I will get more detialed with my particular situation. I have about 300 sf of 4000 sf of shop space currently available in my shop. I have most hand tools, a miter saw, large drill press, some crappy tables made from old solid office doors. I am not geared toward woodworking rather metalworking. I am buildling a new all metal house within the next year. Yes, I have built a house before. This one is very unique as it is built on a steep slope on concrete caissons followed by all steel structure. I would like to build the kitchen, laundry, garage & office cabinets and other household (square) wood items and cabinets myself as they are a large expense basic to intermediate cabinetry (smooth doors - nothing fancy). The large retail stores and some custom cabinet makers are quoting me $200 per linear feet (without surfaces) and costing around $17K. I will have time to build the cabinets. I'll start with the garage cabinets...and work my way up. My budget is to flow from intermediate to advanced projects and tooling. I want to plan as planning is everything. Planning my equipment purchase and shop space in stages. I have to go now. I will update these comments later. Again thanks for the replies!
Dale:

I probably speak for the vast majority of woodworkers when I say we all wish we had the space, money, time, and materials
to have a huge, warm shop, great lighting, unlimited power tools, and three lifetimes.

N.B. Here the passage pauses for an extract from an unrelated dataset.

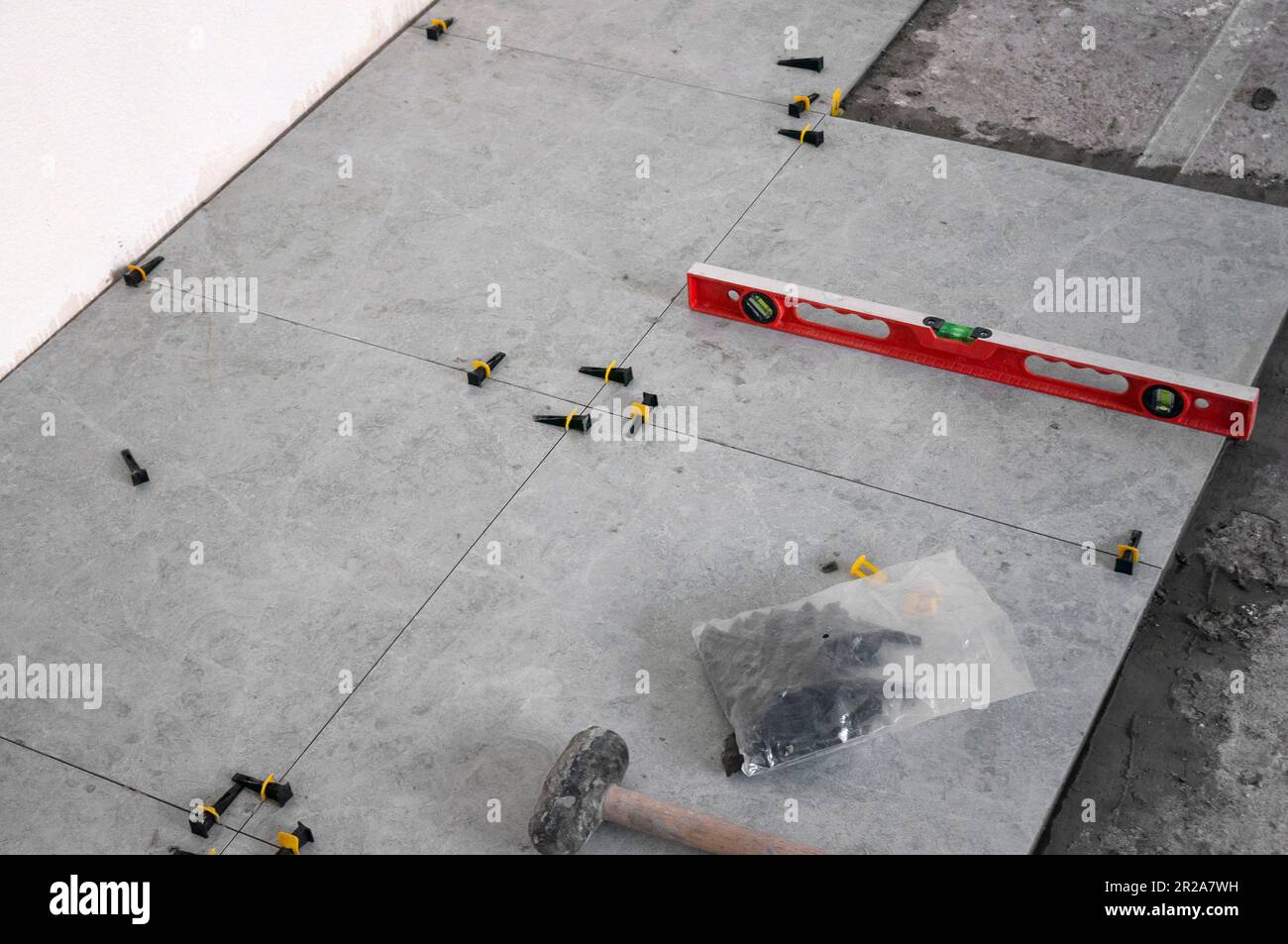 The process of laying tiles on the floor using tools and fixtures. Gray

I build a host of different things, mostly in response to household needs. This, at present, includes a full kitchen restore, even
including 51 new floor joists. The cabinets were preceeded by drywall, plumbing, electrical, and subfloor, all of which my wife
and I have done. The base cabinet is shaped like the letter 'J', is framed with spruce, clad in maple plywood, and faceframed
with red oak. The countertop is edge laminated rock maple, and is compensated for seasonal expansion. The drawers are
birch, with 1/2" bottoms, fourteen in all, and there is much more work to go. Interestingly, I have never owned a proper shop, although I have dreamt of such for thirty-five years.

In my observation of human nature, I have seen that those who say they will begin a vocation or hobby "when they get a shop"
are doomed to never untertake much of anything. And those with a motivation to do what they can with what they can muster
up, produce fairly constantly throughout their life. We have a couple of acres, and there would be room for a building, but it seems that other circumstances have always pulled this out of reach. We have a cabinet saw, thickness planer, long-bed jointer,
router table, twelve inch sliding mitre saw, drill press, and most of the other power tools that a person might want, and this has taken the full thirty-five years to accumulate. When work needs doing, I have to move some furniture out of the way, set up
the tools, do the job, then blow clean what I've used, oil it, and put it back where it belongs.

In all, I believe that if you intend to do something, you will, and more and more you will stop finding excuses for inactivity. If I had
the perfect shop, which I've mentally designed a thousand times, I am not totally convinced I would be any better at what I do, but I think I would sure be happy with the environment. For anyone, at any skill level, I would encourage them to buy as much as possible of the equipment and supplies they will use, grow and expand their expectations of themselves with the comfort of having at hand the means to see a project through, and plan happily towards the next purchase, something like gardeners do with their seed catalogues. But keep pace with your growing inventory by producing things. When I die, which hopefully will be from old age and not multiple gunshot wounds, others will inherit a beautiful collection of good and useful things, with which they might challenge themselves to also expand the satisfaction of working with their hearts, minds, and hands.

I know you were not looking specifically for this type of answer, but there it is.

Regards,
Art
Thanks for the information! I'll start checking into the DVD's and reference books.

I've downloaded a new version of Google Sketchup.

I have read some of the other forum comments, and I am probably missing this all together.....but, is there a particular location (website or forum, etc) to look for plans and specifically for the Kreg tooling? Any further words from Kreg on their production of some more plans?